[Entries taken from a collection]
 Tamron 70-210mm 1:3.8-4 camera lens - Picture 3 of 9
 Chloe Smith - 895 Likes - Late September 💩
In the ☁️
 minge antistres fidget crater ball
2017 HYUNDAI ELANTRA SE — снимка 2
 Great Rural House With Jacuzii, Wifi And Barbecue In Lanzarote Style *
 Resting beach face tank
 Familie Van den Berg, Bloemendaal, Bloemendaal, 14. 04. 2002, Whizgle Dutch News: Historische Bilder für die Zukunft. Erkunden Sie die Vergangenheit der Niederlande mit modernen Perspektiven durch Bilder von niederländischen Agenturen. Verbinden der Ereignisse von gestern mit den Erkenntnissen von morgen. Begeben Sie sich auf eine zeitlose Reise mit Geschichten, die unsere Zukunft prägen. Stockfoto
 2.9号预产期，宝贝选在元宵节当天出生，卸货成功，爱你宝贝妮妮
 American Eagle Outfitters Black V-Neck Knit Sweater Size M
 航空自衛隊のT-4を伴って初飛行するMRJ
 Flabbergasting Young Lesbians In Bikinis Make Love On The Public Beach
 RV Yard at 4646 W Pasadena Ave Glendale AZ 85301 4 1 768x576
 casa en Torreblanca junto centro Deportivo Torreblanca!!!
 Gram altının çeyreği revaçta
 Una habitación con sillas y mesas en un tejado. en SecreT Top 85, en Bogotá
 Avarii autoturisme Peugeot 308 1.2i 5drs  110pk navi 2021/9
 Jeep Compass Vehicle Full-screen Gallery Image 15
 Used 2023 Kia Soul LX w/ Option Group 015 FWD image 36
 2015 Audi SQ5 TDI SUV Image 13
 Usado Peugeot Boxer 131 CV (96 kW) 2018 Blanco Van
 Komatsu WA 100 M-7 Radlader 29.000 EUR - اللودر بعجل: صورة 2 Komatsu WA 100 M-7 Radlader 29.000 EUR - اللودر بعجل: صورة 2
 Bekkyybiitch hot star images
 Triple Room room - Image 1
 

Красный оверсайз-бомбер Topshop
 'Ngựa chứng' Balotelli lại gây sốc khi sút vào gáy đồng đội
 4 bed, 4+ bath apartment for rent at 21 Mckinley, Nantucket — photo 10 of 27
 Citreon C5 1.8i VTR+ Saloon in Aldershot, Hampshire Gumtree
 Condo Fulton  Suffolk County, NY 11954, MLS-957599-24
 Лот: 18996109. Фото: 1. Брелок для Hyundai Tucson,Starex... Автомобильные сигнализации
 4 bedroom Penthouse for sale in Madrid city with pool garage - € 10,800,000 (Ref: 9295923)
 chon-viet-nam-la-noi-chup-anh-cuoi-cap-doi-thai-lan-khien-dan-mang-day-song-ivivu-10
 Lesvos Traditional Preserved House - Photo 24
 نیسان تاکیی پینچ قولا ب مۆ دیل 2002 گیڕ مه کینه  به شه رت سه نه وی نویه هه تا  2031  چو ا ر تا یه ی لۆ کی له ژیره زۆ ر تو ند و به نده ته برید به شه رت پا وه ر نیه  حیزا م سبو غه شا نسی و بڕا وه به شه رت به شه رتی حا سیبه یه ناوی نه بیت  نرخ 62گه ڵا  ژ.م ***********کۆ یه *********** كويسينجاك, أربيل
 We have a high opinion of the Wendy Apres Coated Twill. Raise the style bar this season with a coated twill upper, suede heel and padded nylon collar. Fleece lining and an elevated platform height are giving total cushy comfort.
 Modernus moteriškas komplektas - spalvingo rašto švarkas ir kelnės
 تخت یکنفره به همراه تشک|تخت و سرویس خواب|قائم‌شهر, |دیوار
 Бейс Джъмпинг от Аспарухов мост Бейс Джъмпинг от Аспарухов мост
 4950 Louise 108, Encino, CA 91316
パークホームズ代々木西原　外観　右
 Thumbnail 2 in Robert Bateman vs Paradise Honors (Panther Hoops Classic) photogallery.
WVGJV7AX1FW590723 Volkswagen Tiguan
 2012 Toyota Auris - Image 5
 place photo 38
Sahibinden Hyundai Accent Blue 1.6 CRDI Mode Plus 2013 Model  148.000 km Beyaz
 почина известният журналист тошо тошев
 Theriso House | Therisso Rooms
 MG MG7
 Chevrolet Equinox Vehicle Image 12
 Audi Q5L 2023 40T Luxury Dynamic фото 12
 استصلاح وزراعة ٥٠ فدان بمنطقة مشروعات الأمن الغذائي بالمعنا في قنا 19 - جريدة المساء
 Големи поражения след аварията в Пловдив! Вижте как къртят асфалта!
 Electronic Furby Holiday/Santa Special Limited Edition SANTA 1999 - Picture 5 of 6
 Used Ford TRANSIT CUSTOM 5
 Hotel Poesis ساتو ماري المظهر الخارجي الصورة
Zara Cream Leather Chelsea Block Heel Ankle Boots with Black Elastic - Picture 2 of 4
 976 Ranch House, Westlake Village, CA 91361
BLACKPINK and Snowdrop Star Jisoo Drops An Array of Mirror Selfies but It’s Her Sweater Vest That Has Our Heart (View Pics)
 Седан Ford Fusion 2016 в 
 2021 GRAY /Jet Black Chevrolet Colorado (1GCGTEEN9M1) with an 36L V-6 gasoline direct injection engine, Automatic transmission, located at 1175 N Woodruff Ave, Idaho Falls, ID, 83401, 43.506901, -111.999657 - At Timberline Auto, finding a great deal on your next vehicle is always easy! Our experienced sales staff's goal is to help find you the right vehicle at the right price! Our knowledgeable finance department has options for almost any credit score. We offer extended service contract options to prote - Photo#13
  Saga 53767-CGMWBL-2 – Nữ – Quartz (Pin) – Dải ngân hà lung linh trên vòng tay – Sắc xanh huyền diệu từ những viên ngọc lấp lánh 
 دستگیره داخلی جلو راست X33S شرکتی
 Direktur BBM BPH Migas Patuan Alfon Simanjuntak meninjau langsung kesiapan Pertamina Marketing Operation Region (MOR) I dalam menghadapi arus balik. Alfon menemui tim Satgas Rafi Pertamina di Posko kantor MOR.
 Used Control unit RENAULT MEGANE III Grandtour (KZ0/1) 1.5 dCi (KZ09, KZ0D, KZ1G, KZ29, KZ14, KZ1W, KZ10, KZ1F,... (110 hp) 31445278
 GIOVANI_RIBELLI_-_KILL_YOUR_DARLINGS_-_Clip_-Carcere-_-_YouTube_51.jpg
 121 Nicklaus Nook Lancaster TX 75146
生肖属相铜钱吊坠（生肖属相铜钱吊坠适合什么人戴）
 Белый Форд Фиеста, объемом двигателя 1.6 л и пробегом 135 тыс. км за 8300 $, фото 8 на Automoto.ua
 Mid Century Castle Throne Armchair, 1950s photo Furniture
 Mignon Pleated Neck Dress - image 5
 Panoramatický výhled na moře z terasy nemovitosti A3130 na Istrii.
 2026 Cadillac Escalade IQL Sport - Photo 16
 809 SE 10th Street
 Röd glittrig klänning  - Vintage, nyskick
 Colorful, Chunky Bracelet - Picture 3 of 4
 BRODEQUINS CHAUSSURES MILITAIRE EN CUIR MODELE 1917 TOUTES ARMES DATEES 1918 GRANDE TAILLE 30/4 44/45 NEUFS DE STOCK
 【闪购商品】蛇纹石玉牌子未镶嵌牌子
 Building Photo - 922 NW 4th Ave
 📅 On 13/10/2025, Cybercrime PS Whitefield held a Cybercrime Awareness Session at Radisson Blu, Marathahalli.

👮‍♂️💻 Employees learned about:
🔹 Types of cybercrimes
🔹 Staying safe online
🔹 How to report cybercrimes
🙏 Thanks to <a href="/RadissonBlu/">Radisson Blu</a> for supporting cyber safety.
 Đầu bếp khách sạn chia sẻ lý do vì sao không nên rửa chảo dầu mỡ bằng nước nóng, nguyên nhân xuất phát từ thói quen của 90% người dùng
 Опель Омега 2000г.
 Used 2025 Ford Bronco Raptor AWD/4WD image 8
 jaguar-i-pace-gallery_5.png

● WHAT TO PRODUCE
Please transcribe exactly the lines above from the line that has "American Eagle Outfitters" up to and including the line that has "2015 Audi SQ5 TDI SUV Image 13"; no other line belongs in the answer.

● YOUR RESPONSE
 American Eagle Outfitters Black V-Neck Knit Sweater Size M
 航空自衛隊のT-4を伴って初飛行するMRJ
 Flabbergasting Young Lesbians In Bikinis Make Love On The Public Beach
 RV Yard at 4646 W Pasadena Ave Glendale AZ 85301 4 1 768x576
 casa en Torreblanca junto centro Deportivo Torreblanca!!!
 Gram altının çeyreği revaçta
 Una habitación con sillas y mesas en un tejado. en SecreT Top 85, en Bogotá
 Avarii autoturisme Peugeot 308 1.2i 5drs  110pk navi 2021/9
 Jeep Compass Vehicle Full-screen Gallery Image 15
 Used 2023 Kia Soul LX w/ Option Group 015 FWD image 36
 2015 Audi SQ5 TDI SUV Image 13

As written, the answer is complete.